DTC ecommerce does away with wholesalers and other suppliers. When it has the option to evade third-party manufacturing and marketing, it does. The ideal arrangement for a DTC seller is handling everything in-house. Done well, this allows incredible profitability, but it also engenders the kind of customer loyalty that can turn competitors green with envy.
After all, dealing with customers directly allows you to put out the precise message you want to convey, with no affiliates or partners to misinterpret or complicate communication. This kind of contact has become very easy since the mainstream arrival of social media. Having an email address and a contact form on your website is useful, but maintaining a presence through various social media channels takes things to another level entirely.
This is where social media selling becomes such a fascinating topic. It’s not quite what you’d expect from the name, but it’s close—social media selling is about using social media to drive conversions, regardless of where those conversions ultimately take place. In this article, we’re going to be considering what it means for communication and efficiency in DTC ecommerce.
Is social media selling something you need to embrace? Let’s go through it.
It’s Superb for Building Up Early Social Proof
Social proof is a powerful thing throughout the online retail world. Shoppers are slow to believe brands due to their exaggerated claims, so they look for verification from their peers. Social proof is even more powerful for DTC sellers, though. Why? It’s a simple matter of scale. Supported by the intermediaries that DTC merchants prefer to avoid, conventional B2C operations can shift units in much greater volumes, ensuring that they gather myriad reviews and recommendations.
It’s worth remembering that the average DTC seller can’t afford to handle stock in great quantities and sell on numerous fronts. Doing everything in-house takes incredible skill and dedication, and only a rare company can perform at that level. Just think about how many things can go wrong in the supply chain. Retaining stock you can’t shift is punishing enough when you’re taking advantage of existing warehouse infrastructure. It can be enough to drive your operation into bankruptcy when you’re handling everything yourself.
Because of this, DTC sellers tend to pick up sales relatively slowly—and while their profitability can make up for that, one five-star review will never seem as impactful as ten five-star reviews. Reaching the point that social proof becomes compelling is a huge deal, and it’s often the first step in building a small business up to the enterprise level.
In this context, you should consider social proof to be any content or comments generated by your target audience (primarily your customers) that attest to the quality and trustworthiness of your brand and whatever you’re selling. The best social proof you can hope for is a glowing review from someone with a substantial social-media following and the inclination to share their thoughts with everyone who’s willing to listen—but even simple likes (or even word-of-mouth comments between friends) will certainly help.

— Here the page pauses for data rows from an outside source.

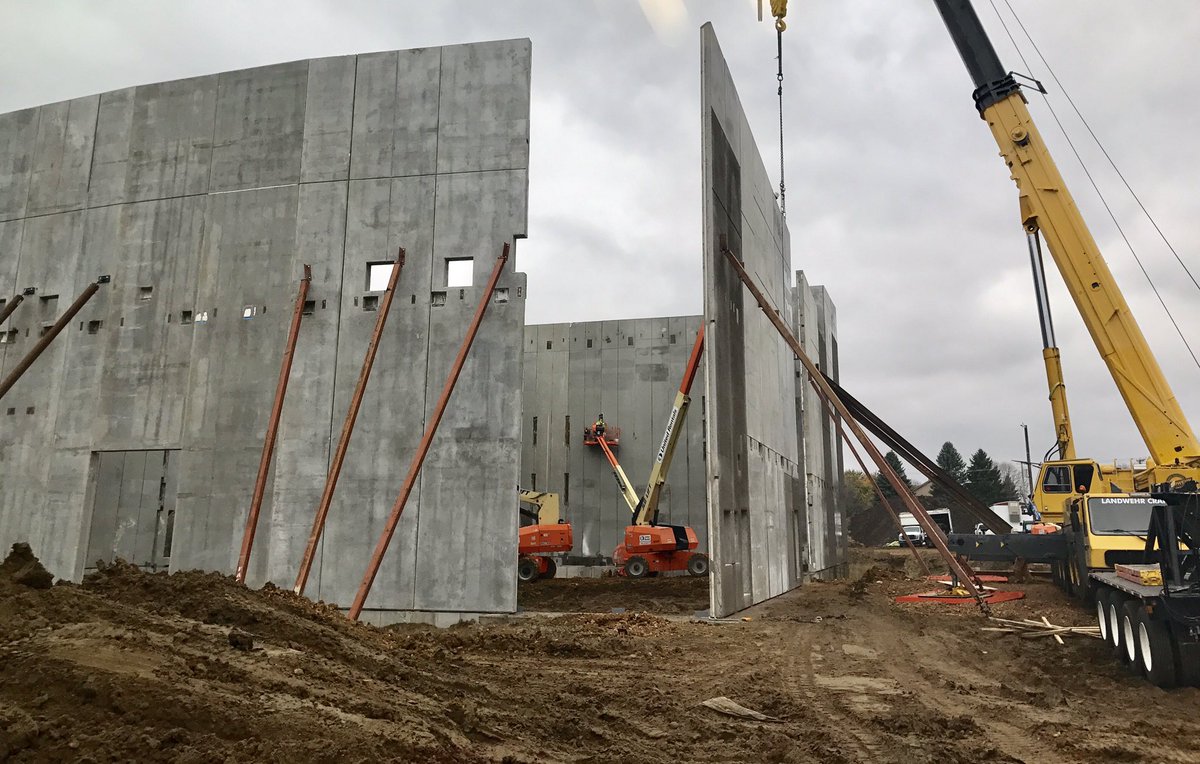 swchsstars's tweet photo. The auditorium pre-cast walls are almost all placed! #SWBuildingExpansion https://t.co/TsH6iwUvJ9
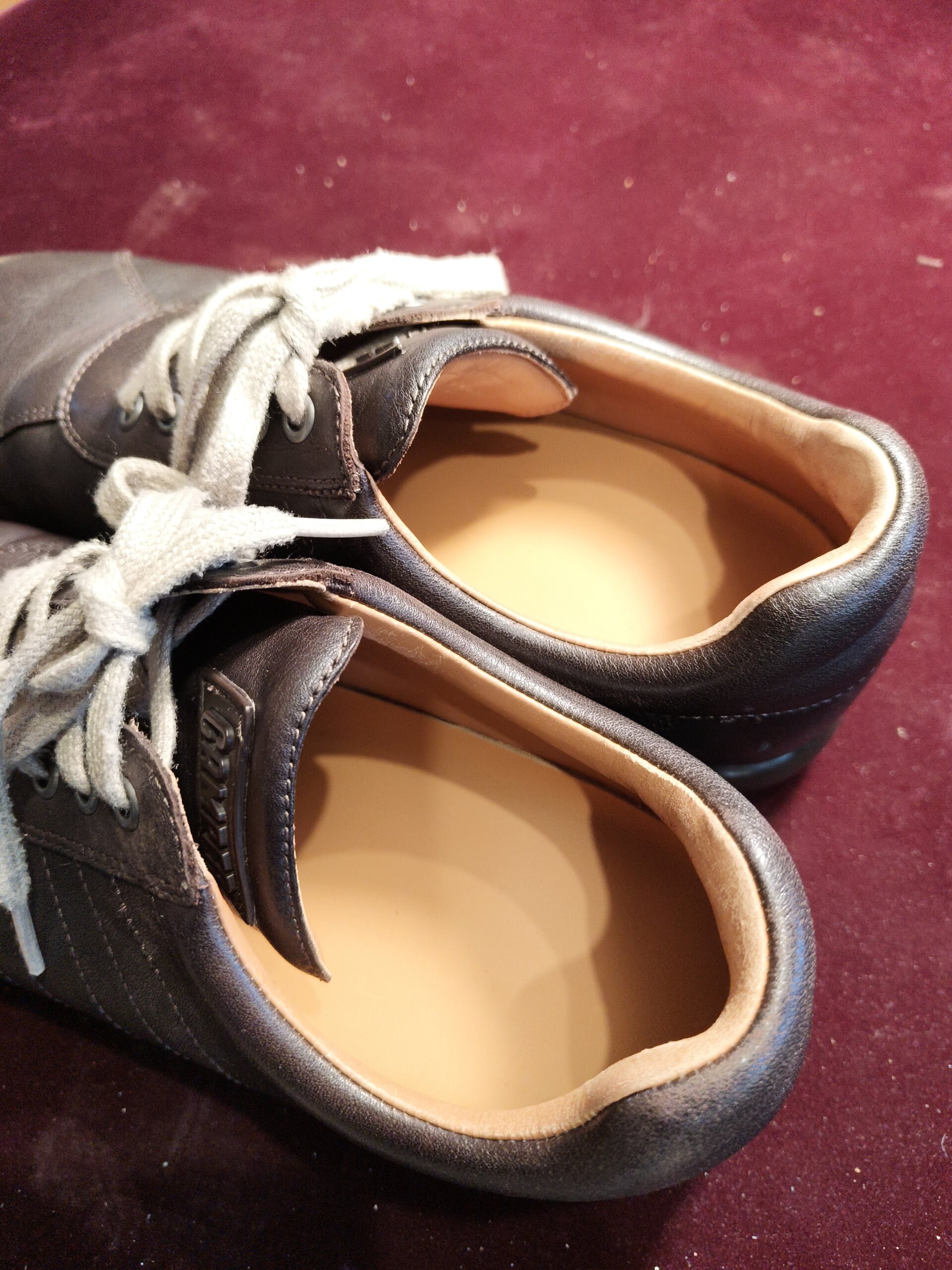 カンペールの中敷き交換修理後のこげ茶色レザースニーカー内部を上から撮影した写真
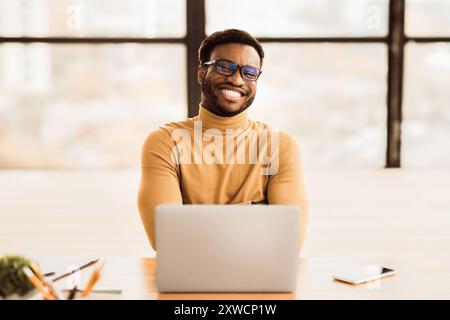Porträt eines fröhlichen schwarzen Mannes mit Blick auf die Kamera Stockfoto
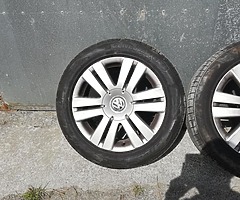 16" genuine Volkswagen alloys - Image 1/10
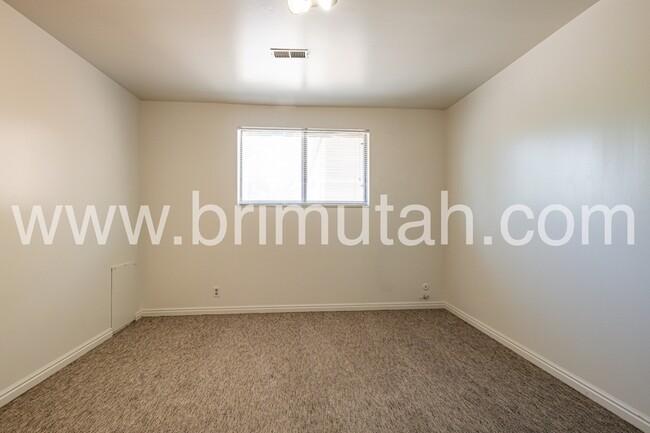 Building Photo - 1418-1426-1426 S 1100 E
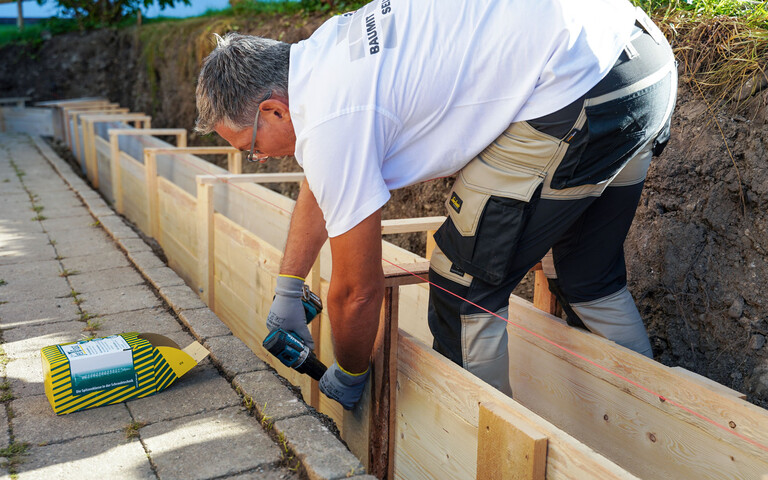 Die Schalungselemente werden miteinander mit einem überlappendem Brett verschraubt. Das Brett sollte mindesten 5 cm überlappen.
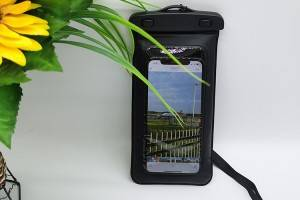 Use of waterproof mobile phone case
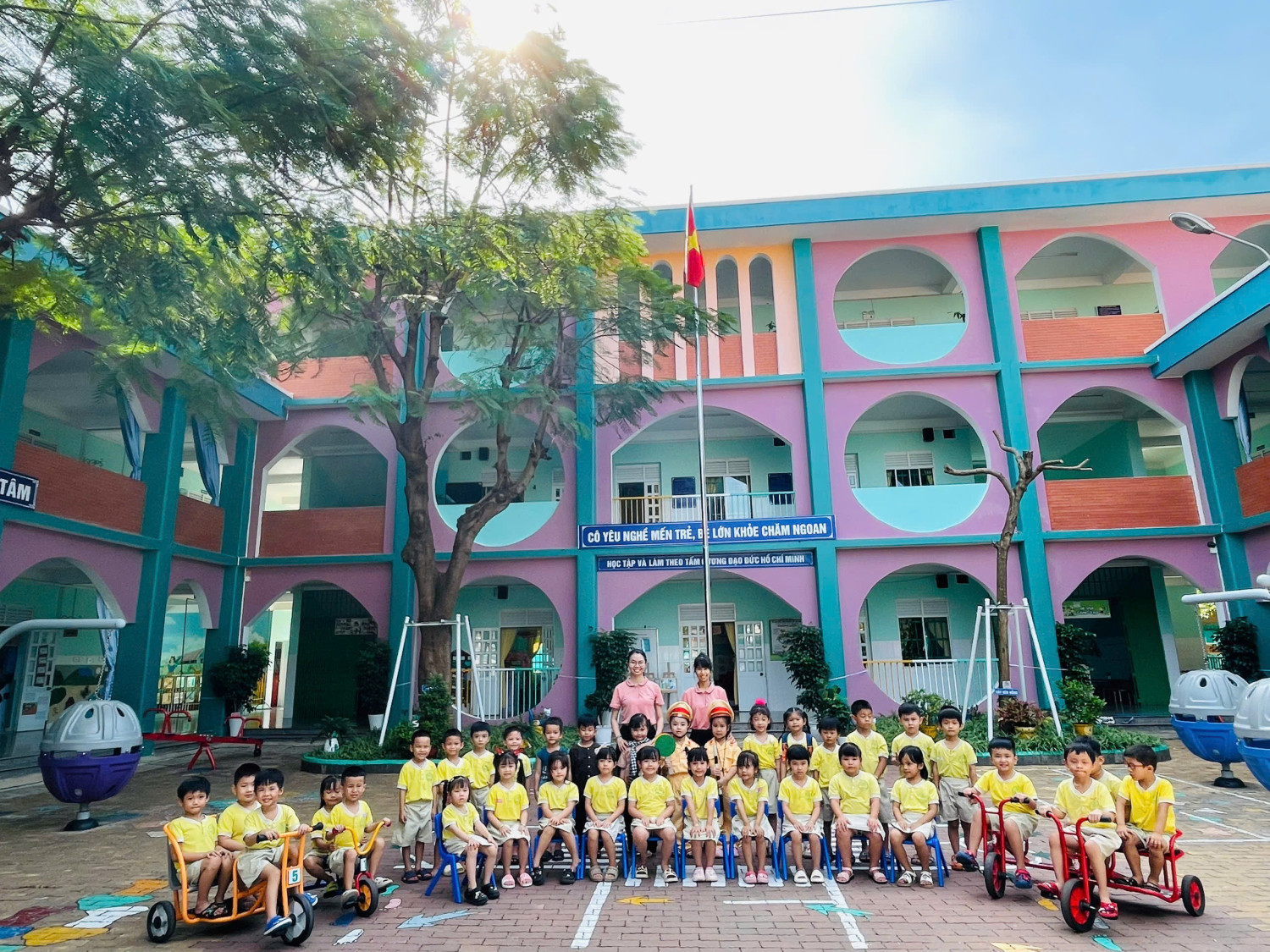 🌈 Bé Lá 1 học kỹ năng tham gia an toàn giao thông 🚦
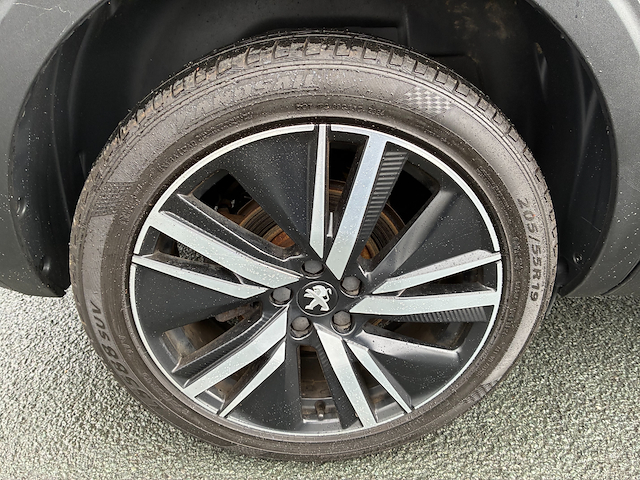 Used Peugeot 5008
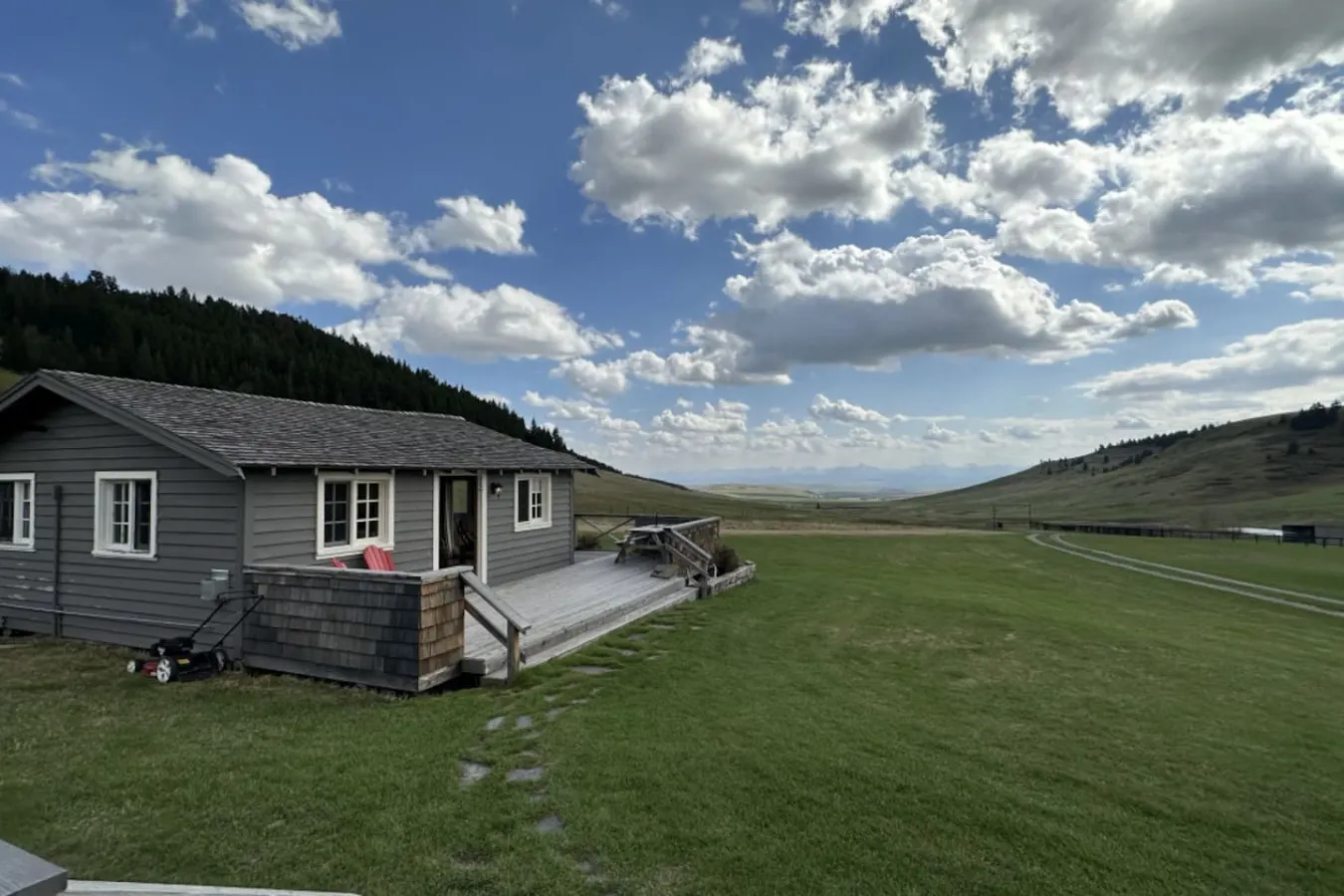 Flint Rock Ranch - The Grey House 11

To earn social proof in the form of reviews, you can incentivize surveys during purchase or send follow-up emails after orders have been received. Those are the two big options for sellers. But if you add social media to the mix, the options increase dramatically.
Sellers can use social media channels to gather feedback organically—people receive their orders and start talking about them, and DTC sellers can simply tap into this feedback through social selling.
In other words, once you’ve identified your target audience and determined how to reach it through social media, you will know exactly where to look for comments after you’ve made sales. When you find negative points, you can address them (more on that next), and when you find glowing endorsements, you can gather them. You can even ask the writers (politely, of course) if they can provide any further information that might make their testimony even more convincing.
It Fits Neatly Into Unified Customer Service
Good customer service is particularly essential for small businesses, which often depend on praise to spread free publicity. But what factors into great customer service?
Well, if you take everything into account, there are two main priorities: being highly responsive, and taking appropriate action. Any seller that can nail those two components will develop a valuable support system.
Today, most pragmatic businesses aim for unified customer service. This means that they attempt to be platform-agnostic with their issue management. In other words, they want to handle all complaints regardless of where they’re expressed. It shouldn’t matter whether a customer expressed frustration on Twitter, on Facebook, or through a TikTok video. In ideal circumstances, all those issues should be fielded through the same system.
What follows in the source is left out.